The process of aesthetic perception: Based on Mullā Sadrā’s views
- Author:
- Mahdi Amini
- Level:
- Ph.D
- Subject(s):
- The Wisdom of Religious Arts
- Language:
- Farsi
- Faculty:
- Faculty of Religions
- Year:
- 2017
- Publisher:
- URD Press
- Supervisor(s):
- Mohammad Fanaei Eshkevari
- Advisor(s):
- Abdollah fathy
In this study I am trying to find the process of sensory perception of beauty and its philosophical pimplications. I intend to find how the actualized form of beauty in physical bodies can be perceived by human senses and how the human cognitive faculties encounter these forms and what implications follow. My approach in this study is descriptive-analytic. On the basis of clear postulations and principles using relevant keywords in the framework of Mulla Sadra’s philosophy.
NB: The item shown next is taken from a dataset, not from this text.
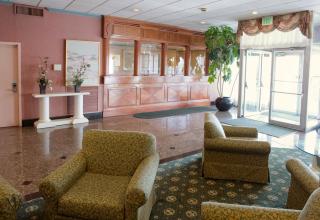 Americas Best Value Inn - Baltimore - Baltimore - 9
I refer to Mulla Sadra’s explicit and implicit words in this regard. I try to describe and analyze theme and relate them to Mulla Sadra’s general philosophical and theological principles in order to come to a conclusion that can be attributed to him. The issue in question is not merely a descriptive one, for Mulla Sadra has not explicitly dealt with the concept of beauty and its relation to existence. Moreover, he did not offer a systematic philosophical account of sensory perception. This and other challenges are difficulties of this study and its importance. The outcome of this research in the first chapter is that all degrees of beauty is interconnected to perfection and is from the category of existence. By using intellectual concepts we can find characteristics of beauty in all its various levels. In the second chapter describing and analyzing the principles of knowledge and components of sensory perception. I came to a clear vision of cooperation between cognitive faculties and their interaction with the soul and intellect. Based on these studies, in the final chapter Mulla Sadra’s view of sensory perception of beauty and its process is explained, some of the characteristics of concept of beauty and related concepts such as harmony are discussed, and the status of aesthetic statements and the nature of aesthetic pleasure are analyzed.